Evet üstad Kayacan böyle yorumluyor Susuz’ u...
Üstad, onu, benim kadar detaylı bilseydi, vallahi böyle tespitler yapmazdı. İşte herkese ilân ediyorum. Şakir asla ve asla sevgi denizininin usta yüzücüsü değildir ! Allah aşkına Yozgat Akdağmadeni’ nde deniz mi var abiciğim ? Bu adam, bu Şakir kim, yüzmek kim ?..
Ha anlarım, “deniz” benzetmesi yerine, “dağlar – kırlar – yaylalar - çeşmeler” dense biraz su götürür. Gerçi adı da Susuz olduğu için o da mümkün değil ya, kim bilir ?
Zaten bu Akdağmadenli şairlerin tamamı böyle oluyor herhalde.

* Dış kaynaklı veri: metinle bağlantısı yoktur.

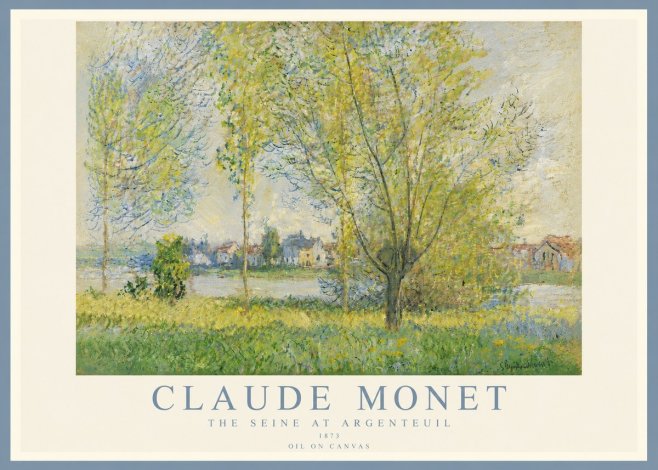Monet The Seine at Argenteil No5 - Plakát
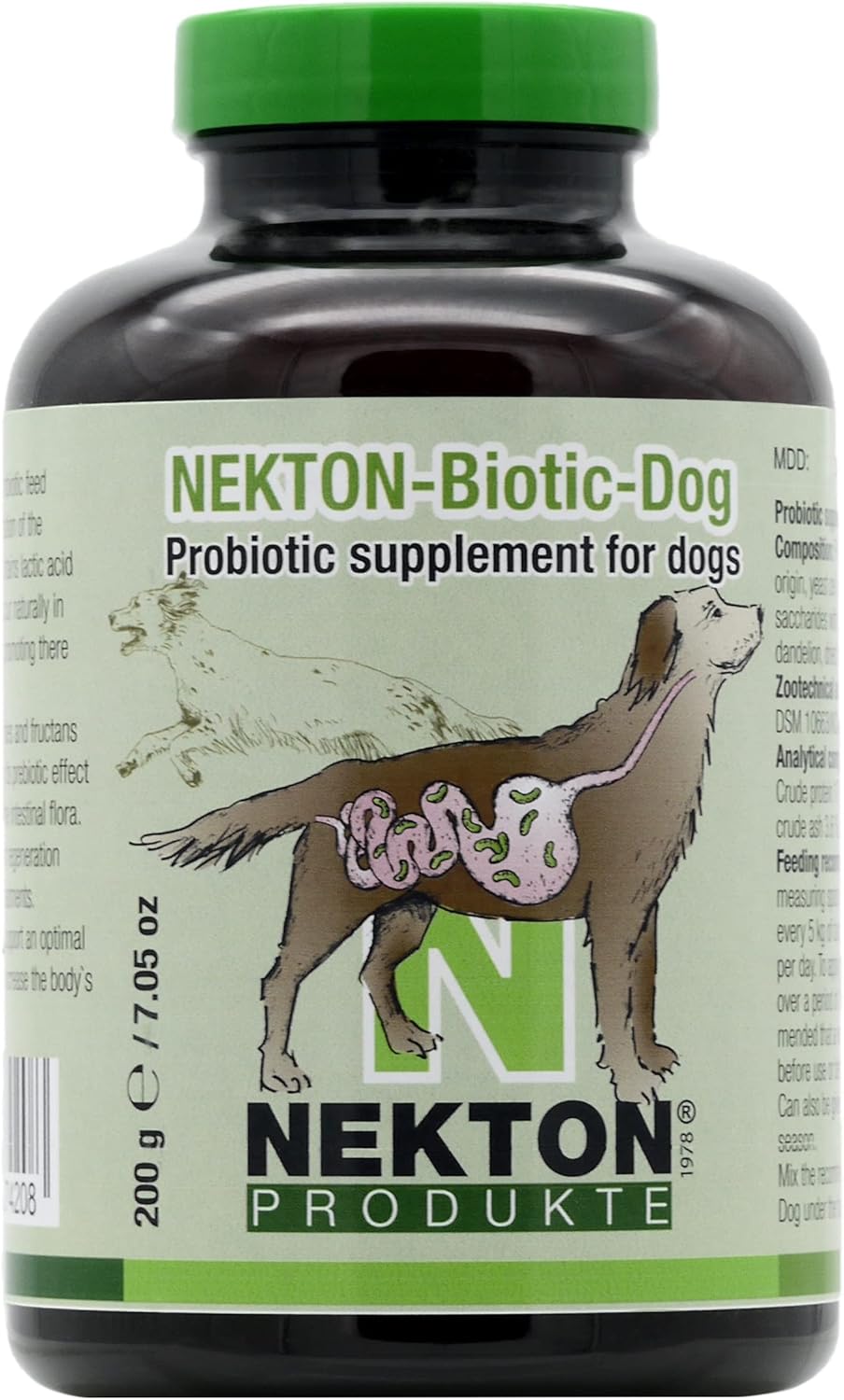 Nekton Biotic-Dog Probiotic Supplemnt for Dogs 200gm (7oz)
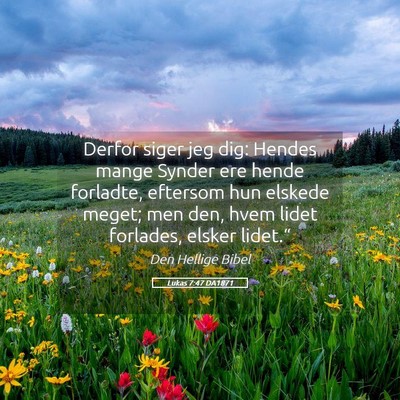 Picture 05 - Lukas 7:47 DA1871 - Derfor siger jeg dig: Hendes mange Synder ere - Bible Verse Picture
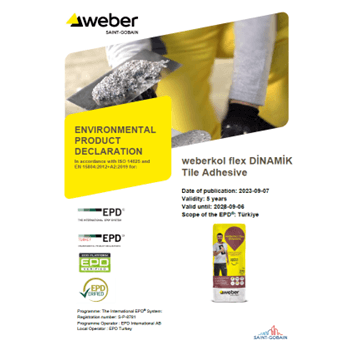 weberkol flex DİNAMİK Tile Adhesive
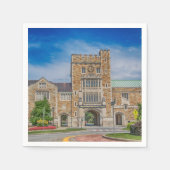 Serviette En Papier Entrée principale du Vassar College à New York (Devant)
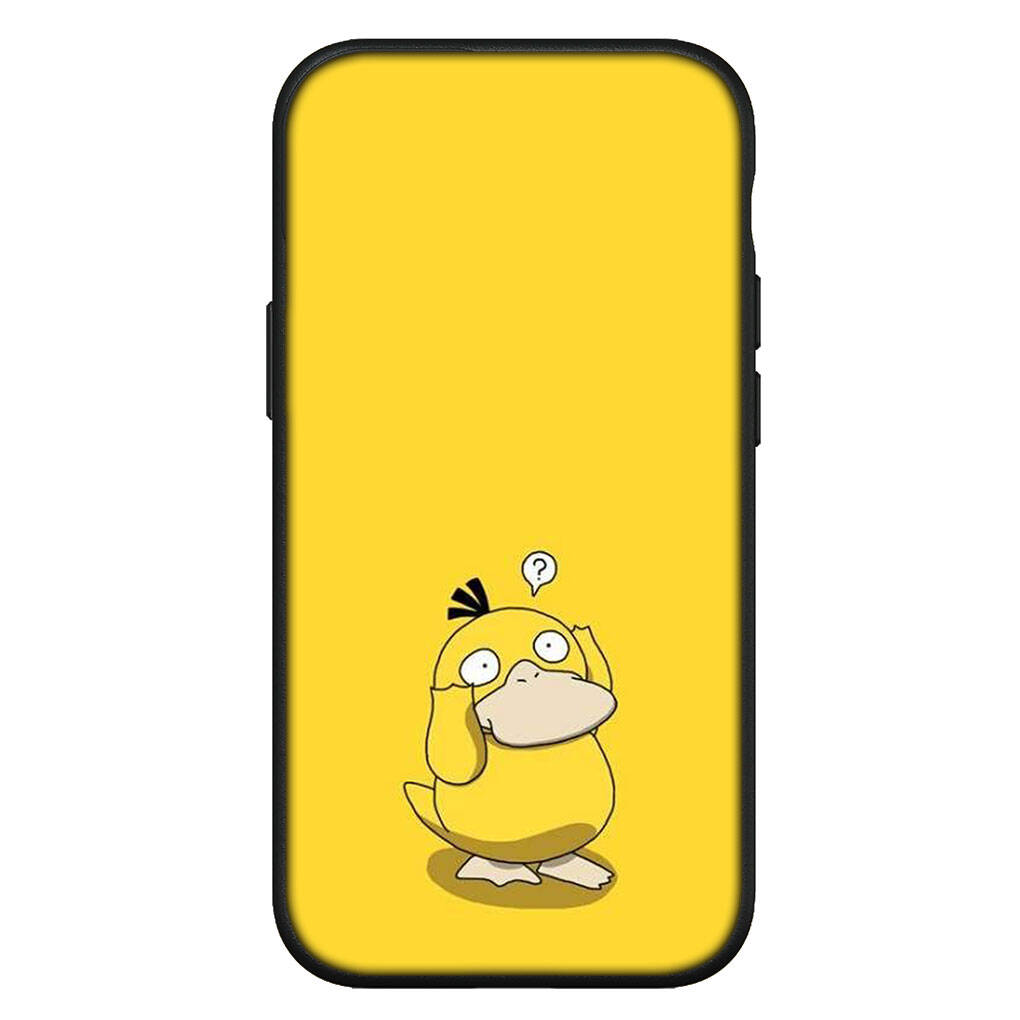 Cover for iPhone 17 16 15 Xiaomi Poco Redmi Note 14 13 12 11 Pro Max X 9 16e Samsung Galaxy S25 S24 S23 OPPO Huawei Psyduck Pokemon Pikachu Phone Case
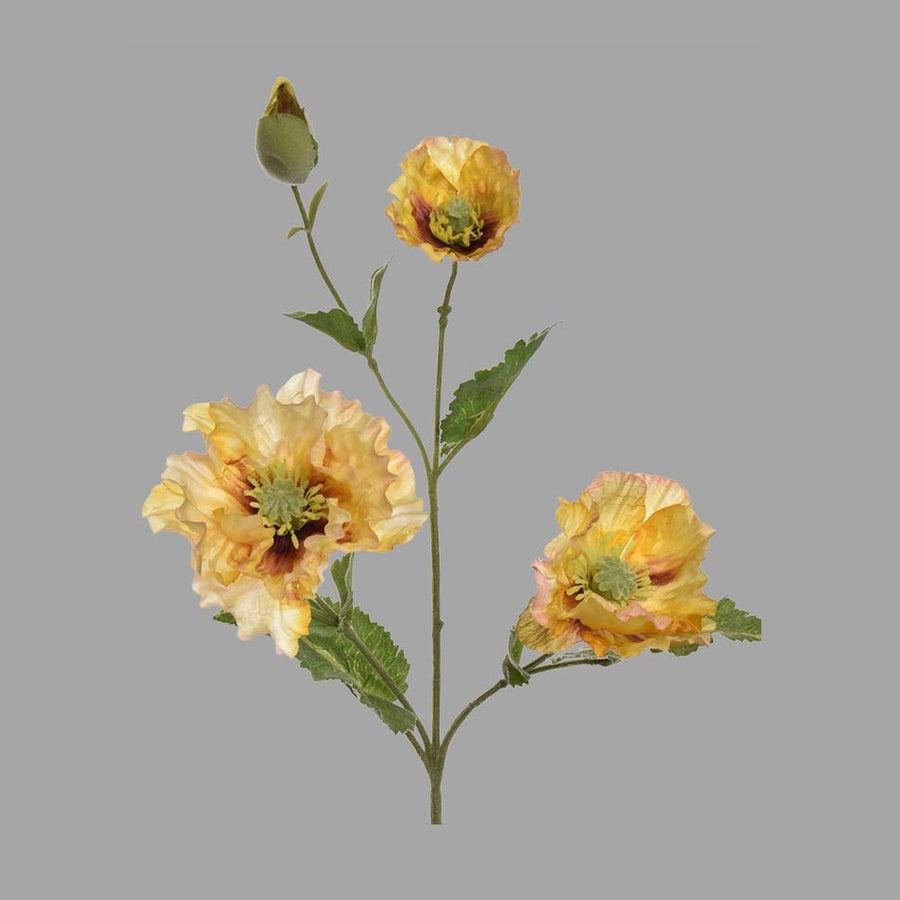 Sárga színű mű pipacs virág.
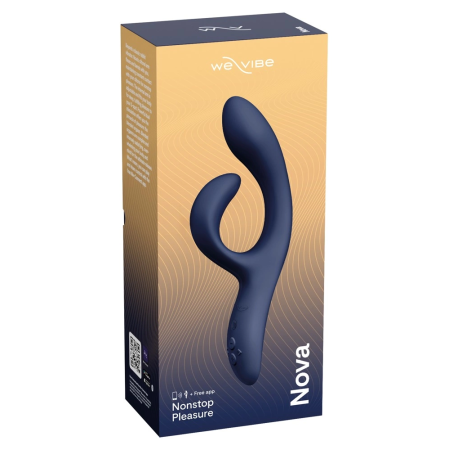 We-Vibe Nova 2 Midnight Blue Dual Stimulation Device, Flexible, App Control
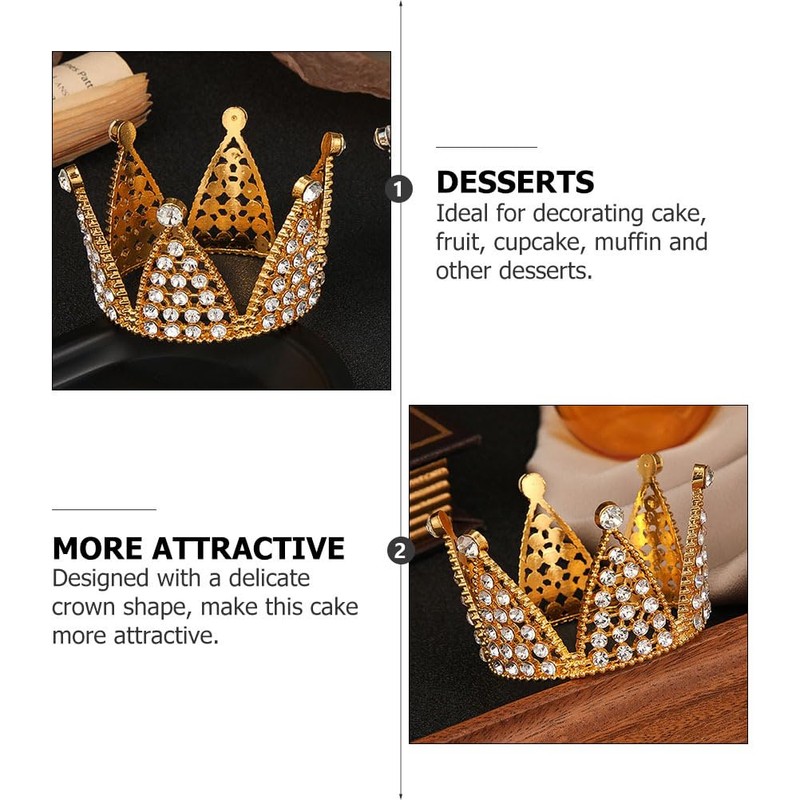 EXCEART Crown Kids Crown Topper Tiara Hair Accessories Party Hat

Bir zamanlar Ayhan İNAL ağabeyim vardı, Ankara’ da. Şimdilerde İstanbul’ da... O da su aramak için göç etti Boğaz kıyısına... O da fırtınaydı, tayfundu, boraydı... Kulakları çınlasın...Çok özledim onu da...
Sözü mahsustan biraz daha uzatacağım ki, onun “Titreyen Dudakları” ndan dökülen şiirlerine az yer kalsın diye.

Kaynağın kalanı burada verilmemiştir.